Afternoon Poster
in
Workshop: Artificial Intelligence & Human Computer Interaction
Workflow Discovery from Dialogues in the Low Data Regime
Amine El Hattami · Issam Laradji · Stefania Raimondo · David Vazquez · Pau Rodriguez · Christopher Pal
Text-based dialogues are now widely used to solve real-world problems. In cases where solution strategies are already known, they can sometimes be codified into workflows and used to guide humans or artificial agents through the task of helping clients. In this work, we introduce a new problem formulation that we call Workflow Discovery (WD) in which we are interested in the situation where a formal workflow may not yet exist.
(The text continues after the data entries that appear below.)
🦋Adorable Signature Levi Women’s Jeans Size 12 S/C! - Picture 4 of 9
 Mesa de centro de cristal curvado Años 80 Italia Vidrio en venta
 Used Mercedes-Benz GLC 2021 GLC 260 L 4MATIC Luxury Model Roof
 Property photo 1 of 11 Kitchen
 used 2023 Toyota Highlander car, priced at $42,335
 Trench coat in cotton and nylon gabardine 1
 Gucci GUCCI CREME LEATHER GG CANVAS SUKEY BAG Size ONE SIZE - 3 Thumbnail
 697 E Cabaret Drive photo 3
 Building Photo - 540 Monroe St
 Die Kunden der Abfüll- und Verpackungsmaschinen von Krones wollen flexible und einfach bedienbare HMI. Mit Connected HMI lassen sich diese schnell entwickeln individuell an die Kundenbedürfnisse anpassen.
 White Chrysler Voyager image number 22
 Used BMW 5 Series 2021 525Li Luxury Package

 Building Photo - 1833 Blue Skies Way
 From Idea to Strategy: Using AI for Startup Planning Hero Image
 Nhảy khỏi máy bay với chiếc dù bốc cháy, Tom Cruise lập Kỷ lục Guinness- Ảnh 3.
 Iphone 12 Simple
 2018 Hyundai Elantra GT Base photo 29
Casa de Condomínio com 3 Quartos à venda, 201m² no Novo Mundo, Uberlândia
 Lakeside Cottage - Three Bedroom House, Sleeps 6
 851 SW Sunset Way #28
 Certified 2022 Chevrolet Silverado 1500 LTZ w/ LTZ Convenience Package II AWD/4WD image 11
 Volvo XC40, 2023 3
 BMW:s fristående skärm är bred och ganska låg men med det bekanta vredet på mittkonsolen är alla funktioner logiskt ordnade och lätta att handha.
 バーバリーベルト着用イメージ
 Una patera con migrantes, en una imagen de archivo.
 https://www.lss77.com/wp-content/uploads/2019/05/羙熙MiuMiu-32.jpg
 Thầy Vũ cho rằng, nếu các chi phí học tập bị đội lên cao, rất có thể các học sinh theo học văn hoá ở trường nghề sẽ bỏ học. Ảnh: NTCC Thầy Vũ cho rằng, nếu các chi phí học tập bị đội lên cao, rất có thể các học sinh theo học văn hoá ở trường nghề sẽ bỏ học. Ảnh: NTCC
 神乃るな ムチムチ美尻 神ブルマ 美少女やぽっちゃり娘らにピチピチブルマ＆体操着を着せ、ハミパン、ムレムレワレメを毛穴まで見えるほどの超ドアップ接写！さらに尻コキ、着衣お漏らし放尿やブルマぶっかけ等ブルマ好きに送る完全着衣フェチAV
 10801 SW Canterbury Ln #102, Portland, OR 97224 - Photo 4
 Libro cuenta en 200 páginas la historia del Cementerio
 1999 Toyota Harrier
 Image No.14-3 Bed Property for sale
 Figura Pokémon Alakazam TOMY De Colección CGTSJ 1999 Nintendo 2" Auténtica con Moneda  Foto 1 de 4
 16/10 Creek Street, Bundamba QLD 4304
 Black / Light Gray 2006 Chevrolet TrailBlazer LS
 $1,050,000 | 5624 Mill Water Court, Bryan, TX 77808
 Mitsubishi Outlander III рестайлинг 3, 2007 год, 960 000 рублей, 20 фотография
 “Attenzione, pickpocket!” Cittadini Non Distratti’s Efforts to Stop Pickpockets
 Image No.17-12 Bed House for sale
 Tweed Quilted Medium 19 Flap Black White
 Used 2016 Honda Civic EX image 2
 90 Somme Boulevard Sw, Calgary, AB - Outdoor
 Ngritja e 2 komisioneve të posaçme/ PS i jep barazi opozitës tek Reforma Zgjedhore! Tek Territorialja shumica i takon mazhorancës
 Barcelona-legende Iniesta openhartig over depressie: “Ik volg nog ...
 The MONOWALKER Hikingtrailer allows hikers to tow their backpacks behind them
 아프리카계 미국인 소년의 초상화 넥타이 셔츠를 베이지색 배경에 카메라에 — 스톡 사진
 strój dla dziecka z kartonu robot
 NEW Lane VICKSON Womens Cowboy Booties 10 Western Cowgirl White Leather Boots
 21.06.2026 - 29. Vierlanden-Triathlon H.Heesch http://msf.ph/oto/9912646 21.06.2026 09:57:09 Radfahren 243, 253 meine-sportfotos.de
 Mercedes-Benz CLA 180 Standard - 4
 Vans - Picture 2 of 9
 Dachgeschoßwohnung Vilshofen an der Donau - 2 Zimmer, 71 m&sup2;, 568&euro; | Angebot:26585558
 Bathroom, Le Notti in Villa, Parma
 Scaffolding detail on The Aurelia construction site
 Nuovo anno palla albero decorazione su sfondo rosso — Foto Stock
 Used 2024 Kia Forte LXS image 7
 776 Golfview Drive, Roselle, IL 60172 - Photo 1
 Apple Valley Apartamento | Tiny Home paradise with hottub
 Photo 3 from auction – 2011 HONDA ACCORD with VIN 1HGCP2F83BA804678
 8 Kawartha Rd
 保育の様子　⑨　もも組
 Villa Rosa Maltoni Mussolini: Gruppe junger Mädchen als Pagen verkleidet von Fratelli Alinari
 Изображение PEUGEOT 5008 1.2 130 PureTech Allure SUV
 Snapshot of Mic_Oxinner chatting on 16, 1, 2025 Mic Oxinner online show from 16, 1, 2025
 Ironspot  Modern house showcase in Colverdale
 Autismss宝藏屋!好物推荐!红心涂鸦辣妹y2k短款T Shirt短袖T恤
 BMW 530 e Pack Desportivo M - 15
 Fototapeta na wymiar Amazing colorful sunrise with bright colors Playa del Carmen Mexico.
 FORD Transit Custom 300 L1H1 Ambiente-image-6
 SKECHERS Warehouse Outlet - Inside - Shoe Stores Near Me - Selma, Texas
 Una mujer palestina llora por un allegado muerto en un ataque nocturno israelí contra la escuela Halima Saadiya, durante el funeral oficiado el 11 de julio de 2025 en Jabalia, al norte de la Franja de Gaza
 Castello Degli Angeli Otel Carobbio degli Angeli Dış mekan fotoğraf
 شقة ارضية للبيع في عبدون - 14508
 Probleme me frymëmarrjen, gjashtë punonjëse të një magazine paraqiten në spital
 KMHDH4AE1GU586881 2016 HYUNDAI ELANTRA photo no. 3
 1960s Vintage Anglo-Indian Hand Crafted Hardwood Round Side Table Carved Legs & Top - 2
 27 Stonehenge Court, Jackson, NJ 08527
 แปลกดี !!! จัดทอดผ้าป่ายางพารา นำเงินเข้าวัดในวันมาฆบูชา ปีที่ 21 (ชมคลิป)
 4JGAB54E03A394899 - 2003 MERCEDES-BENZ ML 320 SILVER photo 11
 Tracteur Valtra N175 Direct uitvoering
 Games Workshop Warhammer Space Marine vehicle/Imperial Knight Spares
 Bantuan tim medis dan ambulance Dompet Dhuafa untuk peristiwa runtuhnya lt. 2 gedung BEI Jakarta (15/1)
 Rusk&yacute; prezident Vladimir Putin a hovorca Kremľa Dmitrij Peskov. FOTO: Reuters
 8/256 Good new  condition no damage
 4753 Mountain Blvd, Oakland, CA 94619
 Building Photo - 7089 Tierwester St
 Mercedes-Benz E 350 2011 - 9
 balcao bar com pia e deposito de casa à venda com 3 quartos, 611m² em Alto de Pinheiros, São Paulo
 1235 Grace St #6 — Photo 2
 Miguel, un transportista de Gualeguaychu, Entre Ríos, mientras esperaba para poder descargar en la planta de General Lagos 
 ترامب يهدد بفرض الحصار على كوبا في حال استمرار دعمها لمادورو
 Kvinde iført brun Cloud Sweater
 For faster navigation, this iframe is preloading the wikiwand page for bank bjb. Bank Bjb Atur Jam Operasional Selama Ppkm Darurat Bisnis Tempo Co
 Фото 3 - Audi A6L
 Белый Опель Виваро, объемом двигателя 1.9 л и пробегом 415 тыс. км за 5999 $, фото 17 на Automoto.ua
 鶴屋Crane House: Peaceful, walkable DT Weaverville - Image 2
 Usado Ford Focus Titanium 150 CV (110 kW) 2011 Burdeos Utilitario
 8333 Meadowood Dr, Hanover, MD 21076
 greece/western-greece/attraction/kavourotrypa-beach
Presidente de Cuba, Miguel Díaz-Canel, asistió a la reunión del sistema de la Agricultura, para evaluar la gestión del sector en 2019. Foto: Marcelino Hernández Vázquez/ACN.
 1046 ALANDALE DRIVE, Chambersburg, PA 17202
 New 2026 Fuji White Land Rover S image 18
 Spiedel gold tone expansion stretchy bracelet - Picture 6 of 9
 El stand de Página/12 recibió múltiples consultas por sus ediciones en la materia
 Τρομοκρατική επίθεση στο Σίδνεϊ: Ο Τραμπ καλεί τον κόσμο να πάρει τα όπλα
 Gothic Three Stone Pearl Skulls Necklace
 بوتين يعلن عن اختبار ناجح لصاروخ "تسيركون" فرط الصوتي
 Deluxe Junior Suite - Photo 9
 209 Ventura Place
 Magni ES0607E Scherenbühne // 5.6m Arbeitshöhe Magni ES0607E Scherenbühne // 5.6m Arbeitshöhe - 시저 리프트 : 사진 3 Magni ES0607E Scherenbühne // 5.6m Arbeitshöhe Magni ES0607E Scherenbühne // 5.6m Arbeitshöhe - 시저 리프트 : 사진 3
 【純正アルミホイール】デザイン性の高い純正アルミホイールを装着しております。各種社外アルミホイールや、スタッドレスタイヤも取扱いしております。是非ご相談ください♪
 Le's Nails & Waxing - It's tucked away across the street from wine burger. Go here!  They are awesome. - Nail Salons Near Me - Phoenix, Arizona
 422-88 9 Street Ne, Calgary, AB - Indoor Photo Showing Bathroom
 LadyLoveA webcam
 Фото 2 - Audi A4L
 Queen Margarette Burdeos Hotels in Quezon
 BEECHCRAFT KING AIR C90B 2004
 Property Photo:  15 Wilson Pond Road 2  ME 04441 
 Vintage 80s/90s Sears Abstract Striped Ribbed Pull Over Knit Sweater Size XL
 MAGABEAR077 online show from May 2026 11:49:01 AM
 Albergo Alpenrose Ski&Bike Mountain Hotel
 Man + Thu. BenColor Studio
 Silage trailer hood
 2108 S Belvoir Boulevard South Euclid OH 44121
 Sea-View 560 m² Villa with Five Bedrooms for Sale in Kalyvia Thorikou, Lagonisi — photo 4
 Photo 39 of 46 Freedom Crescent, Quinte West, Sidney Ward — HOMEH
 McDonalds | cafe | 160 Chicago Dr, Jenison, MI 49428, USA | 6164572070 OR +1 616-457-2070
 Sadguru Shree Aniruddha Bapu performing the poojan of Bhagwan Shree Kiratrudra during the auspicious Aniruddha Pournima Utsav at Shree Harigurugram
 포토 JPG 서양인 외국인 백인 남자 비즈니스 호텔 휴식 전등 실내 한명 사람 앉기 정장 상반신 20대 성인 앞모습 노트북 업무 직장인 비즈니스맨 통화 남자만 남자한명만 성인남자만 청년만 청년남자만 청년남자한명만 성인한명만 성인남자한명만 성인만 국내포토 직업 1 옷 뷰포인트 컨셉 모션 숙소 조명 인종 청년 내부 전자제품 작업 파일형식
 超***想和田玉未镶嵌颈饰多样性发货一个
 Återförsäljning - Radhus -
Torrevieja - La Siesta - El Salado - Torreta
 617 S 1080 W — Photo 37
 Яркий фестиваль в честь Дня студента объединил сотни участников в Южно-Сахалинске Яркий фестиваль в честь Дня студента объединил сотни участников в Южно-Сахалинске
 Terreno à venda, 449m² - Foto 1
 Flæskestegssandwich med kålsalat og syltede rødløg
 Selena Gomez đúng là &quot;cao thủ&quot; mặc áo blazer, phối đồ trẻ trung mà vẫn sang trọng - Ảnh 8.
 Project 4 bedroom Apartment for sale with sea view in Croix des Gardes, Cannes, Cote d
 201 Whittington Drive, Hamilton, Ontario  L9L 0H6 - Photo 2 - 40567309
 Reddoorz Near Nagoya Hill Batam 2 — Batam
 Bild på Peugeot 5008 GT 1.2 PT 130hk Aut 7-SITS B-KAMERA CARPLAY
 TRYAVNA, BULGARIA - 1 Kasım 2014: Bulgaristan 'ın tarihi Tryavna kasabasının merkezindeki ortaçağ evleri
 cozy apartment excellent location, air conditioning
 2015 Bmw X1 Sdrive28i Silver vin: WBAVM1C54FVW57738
Still, we wish to discover the set of actions that have been taken to resolve a particular problem. We also examine a sequence-to-sequence (Seq2Seq) approach for this novel task using multiple Seq2Seq models. We present experiments where we extract workflows from dialogues in the Action-Based Conversations Dataset (ABCD) and the MultiWOZ dataset. We propose and evaluate an approach that conditions models on the set of possible actions, and we show that using this strategy, we can improve WD performance in the out-of-distribution setting. Further, on ABCD a modified variant of our Seq2Seq method achieves state-of-the-art performance on related but different tasks of Action State Tracking (AST) and Cascading Dialogue Success (CDS) across many evaluation metrics.